Arthur and Indoctrination
When I was six years old in 1982 the idea of a children’s cartoon prominently featuring a wedding between two men would have been utterly inconceivable to me.
That’s because legal gay marriage did not exist back in the early days of the Reagan administration. As far as television, movies and the rest of pop culture were concerned, homosexuality didn’t really exist either.
If gay people were represented onscreen, which was infrequently, it was seldom explicitly established that they were, in fact, gay. But if they were depicted as openly gay they almost invariably fell into one of three stereotypes.
Most poisonously, there was the archetype of the gay man or woman as villains, flamboyant, larger-than-life heavies. A lot of Disney villains growing up were coded as gay, like Ursula the Sea Witch (famously modeled on Divine) from The Little Mermaid and Scar from The Lion King.
If queer people were not depicted as outright villainous, they were seen as clownish and ridiculous, sassy comic relief on hand to dispense sassy advice to the heroine and contribute a never-ending stream of bitchy one-liners.
When gay people were not depicted as bad guys or jesters they were portrayed as paper saints, asexual exemplars of stoic nobility who taught us all how to suffer with dignity as they uncomplainingly died of AIDS.

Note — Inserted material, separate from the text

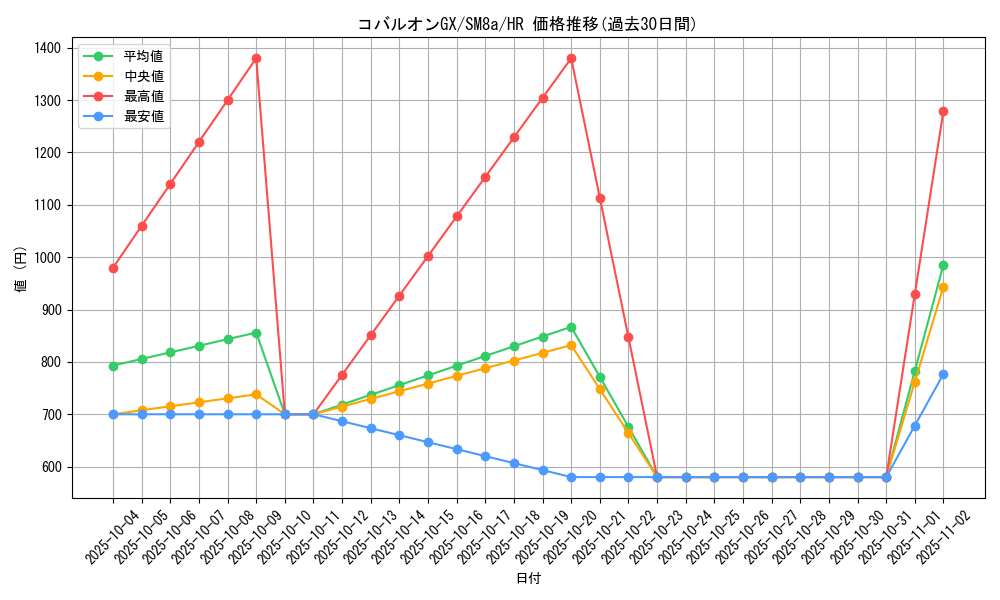 card_38515_series_61276_rarity_77945_graph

When I was a small child, gay characters never occupied central roles in pop culture. They were kooky caricatures on the fringes, broad stereotypes on hand to lend color and comedy to the proceedings.

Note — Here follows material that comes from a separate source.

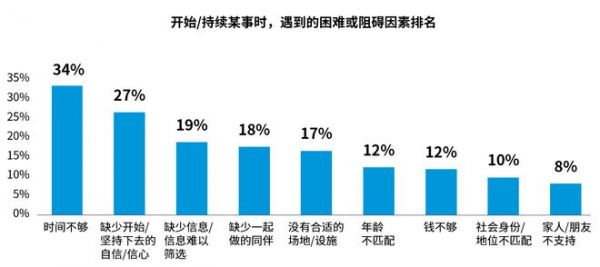 “轻启”新生活！生活者“动”察2023研究成果在上海发布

When it came to pop culture, the LGTBQ community was largely invisible back then and when it was visible, it was often in an unflattering, reductive and de-humanizing way. Trans characters were represented onscreen even less often, and even less sensitively.

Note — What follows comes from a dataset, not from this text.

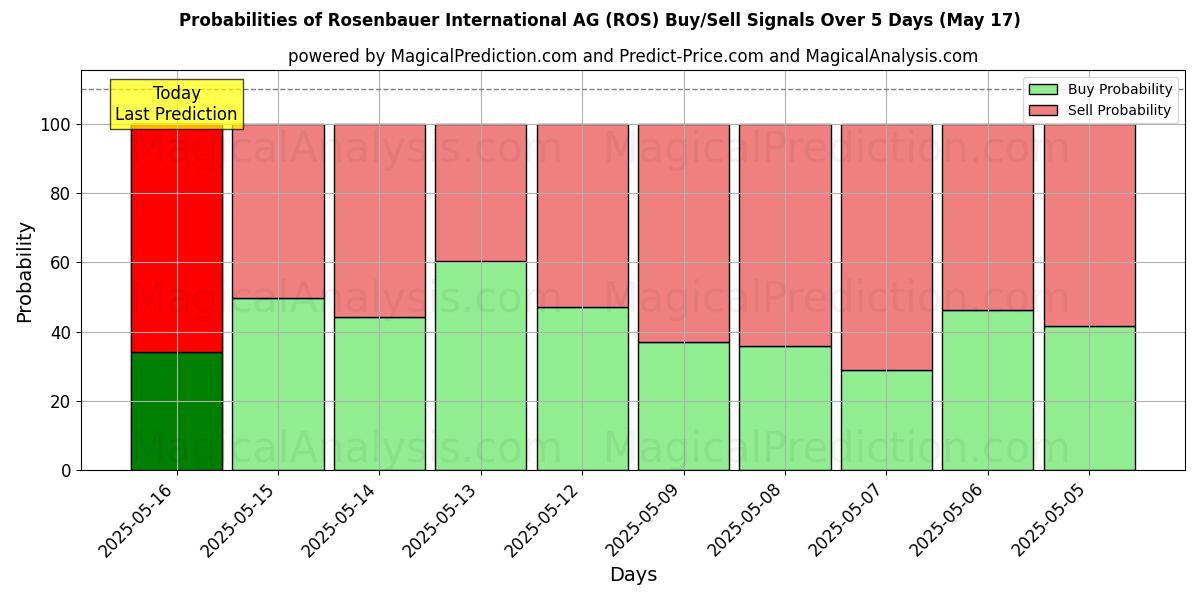 Probabilities of Rosenbauer International AG (ROS) Buy/Sell Signals Using Several AI Models Over 5 Days (17 May)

My generation, and the generations that came before us, were consequently conditioned to be homophobic and transphobic by pop culture and the culture at large, to see the queer community not as eclectic and vast and complicated but rather through a very narrow prism.
So when conservatives complain about queer OVER-representation in pop culture, particularly in entertainment directed at children, it makes my brain want to explode because throughout my childhood the gay community was damn near invisible.
I grew up with non-representation, under-representation and negative representation of gay people in movies, television and books. So the notion that having a minor supporting character in a Pixar or Disney movie be gay somehow qualifies as over-representation strikes me as utterly absurd.
I’m overjoyed that my children are growing up in a much different world than the one that I inhabited as a boy when it comes to queer representation in pop culture.
Recently my six year old son Declan watched a controversial episode of Arthur where the title anteater’s teacher gets married to another man.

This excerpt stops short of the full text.